- [Exercise]: Out of the material that follows, write out exactly the lines from the line with "Complexe hôtelier avec" to the line with "Vue sur l'homme", both ends included, and no others.

- [Supplied data]:
§

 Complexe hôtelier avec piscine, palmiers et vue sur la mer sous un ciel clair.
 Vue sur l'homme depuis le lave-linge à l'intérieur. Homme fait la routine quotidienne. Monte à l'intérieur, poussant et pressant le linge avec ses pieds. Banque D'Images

§

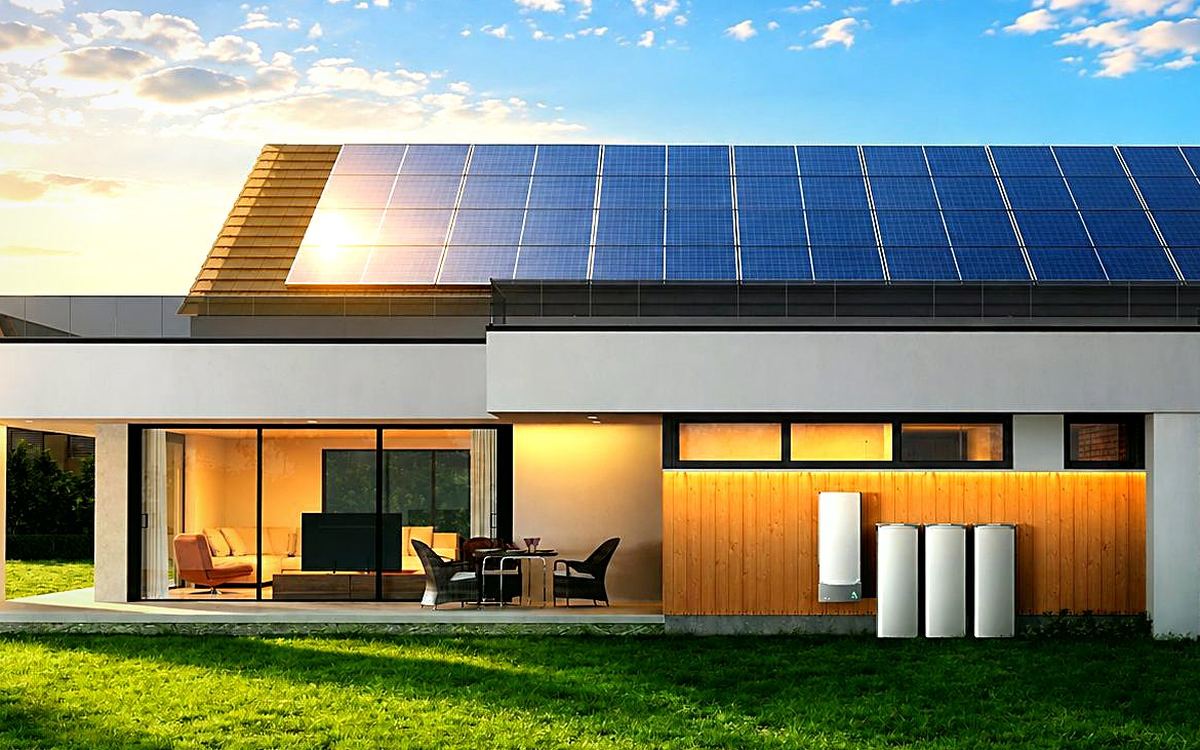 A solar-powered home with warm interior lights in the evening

§

- [Written response]:
 Complexe hôtelier avec piscine, palmiers et vue sur la mer sous un ciel clair.
 Vue sur l'homme depuis le lave-linge à l'intérieur. Homme fait la routine quotidienne. Monte à l'intérieur, poussant et pressant le linge avec ses pieds. Banque D'Images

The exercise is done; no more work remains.